[Exercise goal] A word-for-word copy of the lines below, starting at the line with "Rectangular sintered stone" and ending at the last one, is what you should give. Omit every picture.

[Excerpted records]
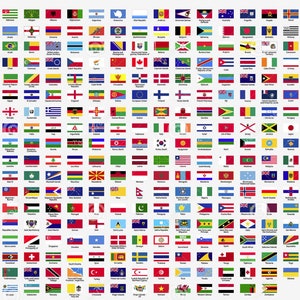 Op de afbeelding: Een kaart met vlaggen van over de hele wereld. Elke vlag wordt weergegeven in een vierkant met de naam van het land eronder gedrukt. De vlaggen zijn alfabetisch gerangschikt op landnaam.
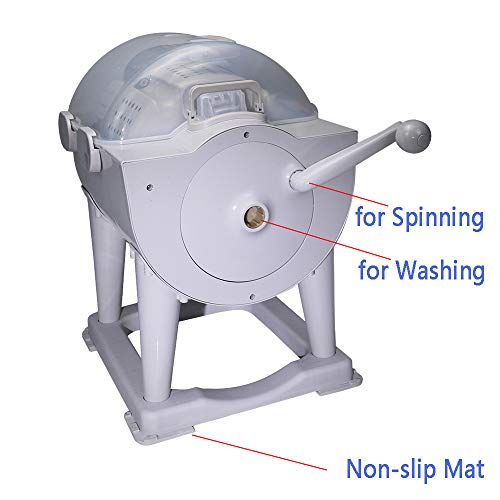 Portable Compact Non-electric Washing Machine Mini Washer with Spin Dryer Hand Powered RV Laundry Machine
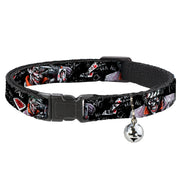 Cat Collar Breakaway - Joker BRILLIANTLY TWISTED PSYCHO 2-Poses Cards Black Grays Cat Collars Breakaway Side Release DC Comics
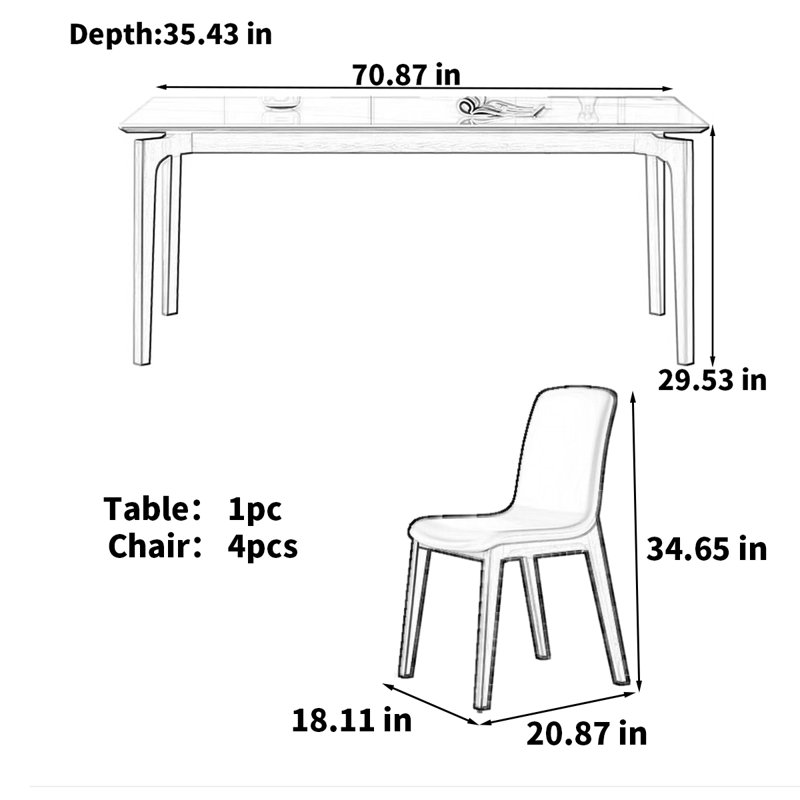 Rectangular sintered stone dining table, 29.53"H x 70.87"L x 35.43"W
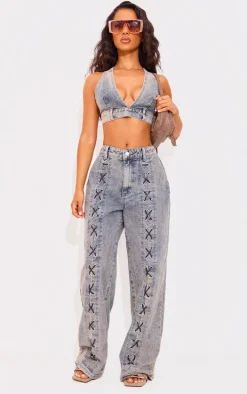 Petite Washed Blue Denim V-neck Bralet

[Output]
 Rectangular sintered stone dining table, 29.53"H x 70.87"L x 35.43"W
 Petite Washed Blue Denim V-neck Bralet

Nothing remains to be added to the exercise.